Task to carry out:
Could you reproduce the lines below from the one with "MEDIDOR NEPTUNE SIN" through the one with "2024 Mazda CX-60 G40e GT KH Series"? Keep both ends and add nothing.

----

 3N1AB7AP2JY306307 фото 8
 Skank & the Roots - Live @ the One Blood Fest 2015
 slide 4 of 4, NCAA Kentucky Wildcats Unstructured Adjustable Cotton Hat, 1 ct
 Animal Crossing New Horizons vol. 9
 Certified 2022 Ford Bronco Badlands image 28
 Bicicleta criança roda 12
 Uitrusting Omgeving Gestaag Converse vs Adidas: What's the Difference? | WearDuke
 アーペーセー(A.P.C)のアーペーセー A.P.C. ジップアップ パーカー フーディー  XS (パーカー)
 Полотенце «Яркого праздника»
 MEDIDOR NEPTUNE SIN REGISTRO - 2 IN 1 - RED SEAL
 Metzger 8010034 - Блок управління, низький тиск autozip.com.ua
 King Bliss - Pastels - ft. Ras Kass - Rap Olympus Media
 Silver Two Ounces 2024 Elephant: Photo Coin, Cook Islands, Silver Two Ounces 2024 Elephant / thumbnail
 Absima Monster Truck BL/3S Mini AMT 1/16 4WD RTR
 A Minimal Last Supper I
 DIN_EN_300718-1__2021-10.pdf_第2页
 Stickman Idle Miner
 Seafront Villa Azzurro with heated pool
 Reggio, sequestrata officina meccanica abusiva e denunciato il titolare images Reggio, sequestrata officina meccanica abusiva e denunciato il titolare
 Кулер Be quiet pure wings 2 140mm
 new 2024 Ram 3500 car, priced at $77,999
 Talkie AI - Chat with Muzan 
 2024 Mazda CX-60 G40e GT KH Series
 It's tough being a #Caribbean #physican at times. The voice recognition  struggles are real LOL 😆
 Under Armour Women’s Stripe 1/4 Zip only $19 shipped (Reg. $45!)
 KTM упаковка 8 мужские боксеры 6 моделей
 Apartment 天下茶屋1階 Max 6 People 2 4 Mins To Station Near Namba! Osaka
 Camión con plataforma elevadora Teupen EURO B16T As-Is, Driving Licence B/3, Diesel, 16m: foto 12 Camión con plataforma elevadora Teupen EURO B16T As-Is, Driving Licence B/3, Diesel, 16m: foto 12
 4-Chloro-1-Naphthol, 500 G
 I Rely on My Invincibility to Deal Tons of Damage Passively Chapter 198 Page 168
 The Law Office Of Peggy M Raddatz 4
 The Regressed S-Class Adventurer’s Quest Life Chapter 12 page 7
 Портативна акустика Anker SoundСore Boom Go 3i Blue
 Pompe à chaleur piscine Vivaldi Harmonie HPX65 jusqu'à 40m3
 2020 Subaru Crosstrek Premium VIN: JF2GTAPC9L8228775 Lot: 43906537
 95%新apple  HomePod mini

----

Finished task:
 MEDIDOR NEPTUNE SIN REGISTRO - 2 IN 1 - RED SEAL
 Metzger 8010034 - Блок управління, низький тиск autozip.com.ua
 King Bliss - Pastels - ft. Ras Kass - Rap Olympus Media
 Silver Two Ounces 2024 Elephant: Photo Coin, Cook Islands, Silver Two Ounces 2024 Elephant / thumbnail
 Absima Monster Truck BL/3S Mini AMT 1/16 4WD RTR
 A Minimal Last Supper I
 DIN_EN_300718-1__2021-10.pdf_第2页
 Stickman Idle Miner
 Seafront Villa Azzurro with heated pool
 Reggio, sequestrata officina meccanica abusiva e denunciato il titolare images Reggio, sequestrata officina meccanica abusiva e denunciato il titolare
 Кулер Be quiet pure wings 2 140mm
 new 2024 Ram 3500 car, priced at $77,999
 Talkie AI - Chat with Muzan 
 2024 Mazda CX-60 G40e GT KH Series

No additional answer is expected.